Task statement> Please repeat the lines below, exactly and only, from the one that holds "Vintage dolls house" through the one that holds "Building Photo - 2 bed/1 bath home".

Records for processing>
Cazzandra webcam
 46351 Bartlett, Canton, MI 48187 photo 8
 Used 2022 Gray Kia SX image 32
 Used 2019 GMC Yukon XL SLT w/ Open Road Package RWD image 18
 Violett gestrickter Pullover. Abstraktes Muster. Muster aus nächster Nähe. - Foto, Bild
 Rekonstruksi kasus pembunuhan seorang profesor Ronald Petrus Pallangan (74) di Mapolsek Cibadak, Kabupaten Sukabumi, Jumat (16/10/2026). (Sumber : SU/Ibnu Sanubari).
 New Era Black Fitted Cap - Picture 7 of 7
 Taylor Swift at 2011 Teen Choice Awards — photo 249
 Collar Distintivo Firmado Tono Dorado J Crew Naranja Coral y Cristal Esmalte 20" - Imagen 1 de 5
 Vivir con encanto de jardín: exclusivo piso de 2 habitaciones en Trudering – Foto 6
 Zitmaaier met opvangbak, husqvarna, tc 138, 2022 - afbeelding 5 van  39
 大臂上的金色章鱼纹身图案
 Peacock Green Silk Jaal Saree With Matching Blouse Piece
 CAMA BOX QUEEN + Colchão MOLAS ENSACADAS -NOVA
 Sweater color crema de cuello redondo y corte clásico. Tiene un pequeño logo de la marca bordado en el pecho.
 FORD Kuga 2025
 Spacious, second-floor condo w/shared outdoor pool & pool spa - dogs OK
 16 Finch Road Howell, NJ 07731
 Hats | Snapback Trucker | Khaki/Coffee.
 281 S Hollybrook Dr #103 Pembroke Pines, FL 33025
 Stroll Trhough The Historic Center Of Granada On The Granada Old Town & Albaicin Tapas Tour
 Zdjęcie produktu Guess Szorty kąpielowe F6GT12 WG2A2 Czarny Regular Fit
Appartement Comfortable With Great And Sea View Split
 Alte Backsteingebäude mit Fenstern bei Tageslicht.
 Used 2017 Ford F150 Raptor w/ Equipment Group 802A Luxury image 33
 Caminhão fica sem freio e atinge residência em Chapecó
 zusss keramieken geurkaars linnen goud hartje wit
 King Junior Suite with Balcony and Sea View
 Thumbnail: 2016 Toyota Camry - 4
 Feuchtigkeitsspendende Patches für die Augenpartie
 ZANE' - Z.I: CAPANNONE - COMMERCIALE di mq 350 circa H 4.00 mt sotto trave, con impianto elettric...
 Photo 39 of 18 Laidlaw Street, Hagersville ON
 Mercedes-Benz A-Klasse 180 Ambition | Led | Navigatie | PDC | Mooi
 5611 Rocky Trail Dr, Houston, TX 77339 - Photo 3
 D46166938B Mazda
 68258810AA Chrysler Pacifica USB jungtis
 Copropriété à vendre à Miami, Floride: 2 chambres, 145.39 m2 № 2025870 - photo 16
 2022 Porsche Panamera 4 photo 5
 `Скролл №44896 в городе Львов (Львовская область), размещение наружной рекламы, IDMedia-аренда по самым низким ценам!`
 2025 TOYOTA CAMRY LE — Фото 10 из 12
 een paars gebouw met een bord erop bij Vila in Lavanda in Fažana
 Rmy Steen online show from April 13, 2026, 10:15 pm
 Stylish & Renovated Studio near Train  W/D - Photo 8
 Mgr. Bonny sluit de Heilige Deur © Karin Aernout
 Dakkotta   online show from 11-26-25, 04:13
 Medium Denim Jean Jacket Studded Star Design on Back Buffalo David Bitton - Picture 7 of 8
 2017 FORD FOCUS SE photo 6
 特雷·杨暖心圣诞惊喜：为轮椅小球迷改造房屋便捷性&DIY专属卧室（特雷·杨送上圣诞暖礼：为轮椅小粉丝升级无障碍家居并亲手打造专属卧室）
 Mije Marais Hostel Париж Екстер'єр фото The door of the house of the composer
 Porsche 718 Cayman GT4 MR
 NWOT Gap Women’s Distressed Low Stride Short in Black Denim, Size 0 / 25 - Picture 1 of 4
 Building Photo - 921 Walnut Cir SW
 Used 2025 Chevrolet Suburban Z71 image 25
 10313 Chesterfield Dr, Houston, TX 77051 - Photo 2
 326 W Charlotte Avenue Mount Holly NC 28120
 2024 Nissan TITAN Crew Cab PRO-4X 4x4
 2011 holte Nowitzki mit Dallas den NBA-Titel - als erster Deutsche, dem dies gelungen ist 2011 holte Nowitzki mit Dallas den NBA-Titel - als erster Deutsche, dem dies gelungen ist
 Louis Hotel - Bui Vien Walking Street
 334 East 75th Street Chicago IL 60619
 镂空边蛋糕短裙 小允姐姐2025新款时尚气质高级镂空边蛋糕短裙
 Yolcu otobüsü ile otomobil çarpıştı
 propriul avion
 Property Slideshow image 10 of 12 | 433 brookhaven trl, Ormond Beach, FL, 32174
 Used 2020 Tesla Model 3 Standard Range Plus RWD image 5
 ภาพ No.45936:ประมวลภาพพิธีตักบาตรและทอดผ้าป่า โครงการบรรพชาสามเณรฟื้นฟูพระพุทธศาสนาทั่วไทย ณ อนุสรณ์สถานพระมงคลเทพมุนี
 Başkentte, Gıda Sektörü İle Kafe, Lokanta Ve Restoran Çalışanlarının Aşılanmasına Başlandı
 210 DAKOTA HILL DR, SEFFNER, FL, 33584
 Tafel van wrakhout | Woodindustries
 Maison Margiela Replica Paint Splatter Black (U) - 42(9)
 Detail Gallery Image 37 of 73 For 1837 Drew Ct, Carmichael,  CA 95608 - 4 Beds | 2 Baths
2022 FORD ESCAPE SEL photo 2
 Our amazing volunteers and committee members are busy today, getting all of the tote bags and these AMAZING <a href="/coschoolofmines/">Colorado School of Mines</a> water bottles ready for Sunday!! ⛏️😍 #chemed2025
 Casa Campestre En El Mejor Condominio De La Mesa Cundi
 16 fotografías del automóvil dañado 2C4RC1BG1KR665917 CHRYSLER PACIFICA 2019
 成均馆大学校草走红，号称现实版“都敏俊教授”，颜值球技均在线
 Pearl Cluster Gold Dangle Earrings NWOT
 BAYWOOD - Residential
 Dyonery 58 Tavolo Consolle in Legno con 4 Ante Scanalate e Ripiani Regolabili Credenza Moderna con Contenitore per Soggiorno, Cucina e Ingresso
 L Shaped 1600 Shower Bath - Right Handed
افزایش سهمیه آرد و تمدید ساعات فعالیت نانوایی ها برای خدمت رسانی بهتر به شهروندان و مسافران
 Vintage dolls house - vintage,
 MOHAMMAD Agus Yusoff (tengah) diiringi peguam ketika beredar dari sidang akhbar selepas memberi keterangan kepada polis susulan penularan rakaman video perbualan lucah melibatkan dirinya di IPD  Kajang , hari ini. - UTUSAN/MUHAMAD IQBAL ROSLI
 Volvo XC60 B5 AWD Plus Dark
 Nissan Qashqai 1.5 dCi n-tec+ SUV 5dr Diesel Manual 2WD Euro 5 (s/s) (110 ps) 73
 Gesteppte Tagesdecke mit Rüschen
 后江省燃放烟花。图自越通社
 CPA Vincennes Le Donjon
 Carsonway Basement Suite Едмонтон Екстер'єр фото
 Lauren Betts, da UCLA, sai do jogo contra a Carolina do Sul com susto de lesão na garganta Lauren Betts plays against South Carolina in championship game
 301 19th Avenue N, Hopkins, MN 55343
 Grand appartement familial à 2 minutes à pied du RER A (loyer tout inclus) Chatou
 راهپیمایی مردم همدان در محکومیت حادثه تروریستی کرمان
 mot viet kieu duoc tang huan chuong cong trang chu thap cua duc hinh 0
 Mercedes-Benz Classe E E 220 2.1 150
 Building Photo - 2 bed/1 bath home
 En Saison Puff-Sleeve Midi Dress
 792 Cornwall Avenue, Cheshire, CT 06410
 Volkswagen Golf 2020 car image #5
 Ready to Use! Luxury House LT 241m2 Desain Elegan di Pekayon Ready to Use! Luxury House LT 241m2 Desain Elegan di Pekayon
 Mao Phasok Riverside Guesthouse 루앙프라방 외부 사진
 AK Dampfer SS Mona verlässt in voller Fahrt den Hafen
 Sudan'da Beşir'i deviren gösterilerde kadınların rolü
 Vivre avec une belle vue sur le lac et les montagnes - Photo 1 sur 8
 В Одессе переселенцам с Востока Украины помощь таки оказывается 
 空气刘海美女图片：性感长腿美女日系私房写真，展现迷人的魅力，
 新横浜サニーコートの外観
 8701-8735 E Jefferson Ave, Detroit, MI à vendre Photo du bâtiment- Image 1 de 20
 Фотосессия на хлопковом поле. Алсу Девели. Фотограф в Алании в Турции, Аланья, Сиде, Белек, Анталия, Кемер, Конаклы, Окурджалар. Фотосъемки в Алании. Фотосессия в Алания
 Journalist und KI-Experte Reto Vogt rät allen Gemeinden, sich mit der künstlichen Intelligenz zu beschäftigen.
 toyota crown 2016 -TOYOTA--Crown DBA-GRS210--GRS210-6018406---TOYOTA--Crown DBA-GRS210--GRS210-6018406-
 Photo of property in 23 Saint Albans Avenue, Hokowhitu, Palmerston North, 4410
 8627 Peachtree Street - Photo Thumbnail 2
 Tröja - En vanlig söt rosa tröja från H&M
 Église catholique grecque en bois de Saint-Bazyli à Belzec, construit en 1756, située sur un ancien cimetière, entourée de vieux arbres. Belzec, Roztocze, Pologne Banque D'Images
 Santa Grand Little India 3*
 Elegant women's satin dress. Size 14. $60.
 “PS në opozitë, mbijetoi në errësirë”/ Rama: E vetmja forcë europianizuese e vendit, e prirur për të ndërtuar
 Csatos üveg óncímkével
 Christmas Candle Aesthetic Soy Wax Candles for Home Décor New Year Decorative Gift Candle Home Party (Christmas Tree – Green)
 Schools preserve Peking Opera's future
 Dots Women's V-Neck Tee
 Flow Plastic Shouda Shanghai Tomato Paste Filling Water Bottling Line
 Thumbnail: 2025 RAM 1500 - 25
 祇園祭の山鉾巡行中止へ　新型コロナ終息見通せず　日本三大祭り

Finished task>
 Vintage dolls house - vintage,
 MOHAMMAD Agus Yusoff (tengah) diiringi peguam ketika beredar dari sidang akhbar selepas memberi keterangan kepada polis susulan penularan rakaman video perbualan lucah melibatkan dirinya di IPD  Kajang , hari ini. - UTUSAN/MUHAMAD IQBAL ROSLI
 Volvo XC60 B5 AWD Plus Dark
 Nissan Qashqai 1.5 dCi n-tec+ SUV 5dr Diesel Manual 2WD Euro 5 (s/s) (110 ps) 73
 Gesteppte Tagesdecke mit Rüschen
 后江省燃放烟花。图自越通社
 CPA Vincennes Le Donjon
 Carsonway Basement Suite Едмонтон Екстер'єр фото
 Lauren Betts, da UCLA, sai do jogo contra a Carolina do Sul com susto de lesão na garganta Lauren Betts plays against South Carolina in championship game
 301 19th Avenue N, Hopkins, MN 55343
 Grand appartement familial à 2 minutes à pied du RER A (loyer tout inclus) Chatou
 راهپیمایی مردم همدان در محکومیت حادثه تروریستی کرمان
 mot viet kieu duoc tang huan chuong cong trang chu thap cua duc hinh 0
 Mercedes-Benz Classe E E 220 2.1 150
 Building Photo - 2 bed/1 bath home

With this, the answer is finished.